What the task asks ▸ Transcribe all of the entries, matching each one exactly.

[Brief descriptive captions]
━━━━━━

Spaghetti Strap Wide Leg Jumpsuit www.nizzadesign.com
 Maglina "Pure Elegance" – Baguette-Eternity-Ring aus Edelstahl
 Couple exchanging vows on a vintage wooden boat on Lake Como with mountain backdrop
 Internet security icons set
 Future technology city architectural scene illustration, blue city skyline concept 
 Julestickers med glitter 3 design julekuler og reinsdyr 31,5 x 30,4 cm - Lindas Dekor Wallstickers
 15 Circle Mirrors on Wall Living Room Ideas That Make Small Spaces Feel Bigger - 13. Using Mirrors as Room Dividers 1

━━━━━━

Result below ▸
Spaghetti Strap Wide Leg Jumpsuit www.nizzadesign.com
 Maglina "Pure Elegance" – Baguette-Eternity-Ring aus Edelstahl
 Couple exchanging vows on a vintage wooden boat on Lake Como with mountain backdrop
 Internet security icons set
 Future technology city architectural scene illustration, blue city skyline concept 
 Julestickers med glitter 3 design julekuler og reinsdyr 31,5 x 30,4 cm - Lindas Dekor Wallstickers
 15 Circle Mirrors on Wall Living Room Ideas That Make Small Spaces Feel Bigger - 13. Using Mirrors as Room Dividers 1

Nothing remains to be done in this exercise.